3) Al-Tasamuh Al-Tasamuh yaitu prinsip toleransi. Islam bukan hanya mewacanakan toleransi sebagaimana banyak disinggung di dalam Al-Qur'an, antara lain Q.S. al-Kafirun/109:1-6), tetapi juga dipraktekkan dalam lintasan sejarah umat Islam di berbagai Negara, dari dulu sampai sekarang. Tidak kurang dari 15 kali kata Nashara (Kristen) dan 10 kali kata Yahudi disebutkan di dalam Al-Qur'an. Bahkan agama-agama minoritas non Abrahamic Religion seperti Al-Shabi'in.

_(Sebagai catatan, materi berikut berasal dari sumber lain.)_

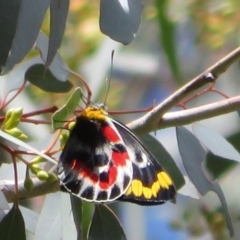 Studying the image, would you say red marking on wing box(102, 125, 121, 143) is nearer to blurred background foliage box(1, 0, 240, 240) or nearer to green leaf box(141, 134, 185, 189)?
green leaf box(141, 134, 185, 189)

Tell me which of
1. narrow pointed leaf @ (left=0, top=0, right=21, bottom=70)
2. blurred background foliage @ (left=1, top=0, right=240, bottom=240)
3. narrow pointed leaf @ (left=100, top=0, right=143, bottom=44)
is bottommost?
blurred background foliage @ (left=1, top=0, right=240, bottom=240)

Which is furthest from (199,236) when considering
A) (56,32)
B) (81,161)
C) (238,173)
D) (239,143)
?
(56,32)

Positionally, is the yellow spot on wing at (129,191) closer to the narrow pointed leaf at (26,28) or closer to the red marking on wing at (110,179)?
the red marking on wing at (110,179)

Ini semua menggambarkan adanya spirit toleransi di dalam perkembangan kebudayaan dan peradaban Islam.



4) Al-Musyawarah Al Musyawarah sudah menjadi bahasa Indonesia (musyawarah) yang tidak lain maknanya adalah demokrasi, yaitu memberi kesempatan secara terbuka kepada semua pihak mengedepankan pendapatnya secara merdeka, tanpa harus khawatir sedikit pun kepada siapapun, karena prinsip demokrasi ini sesuai dengan anjuran Allah swt di dalam Q.S. Ali 'Imran/3:159).



41 Allah Swt juga memberi contoh dengan berdialog dengan para malaikat tentang rencana penciptaan amnesia (Q.S. alBaqarah/2:30 dst), berdialog dengan Iblis (Q.S. al-Hijr/15:32), dan manusia (Q.S. al-A'raf/7:172).



5) Al-Mu'awanah Yaitu prinsip tolong menolong atau gotong royong. Prinsip ini didukung di dalam Al-Qur'an dan hadis. Antara lain Q.S. alMaidah/5:2). Kelima asas ini menjadi faktor mudahnya diterima tawaran peradaban Islam di dalam dunia internasional.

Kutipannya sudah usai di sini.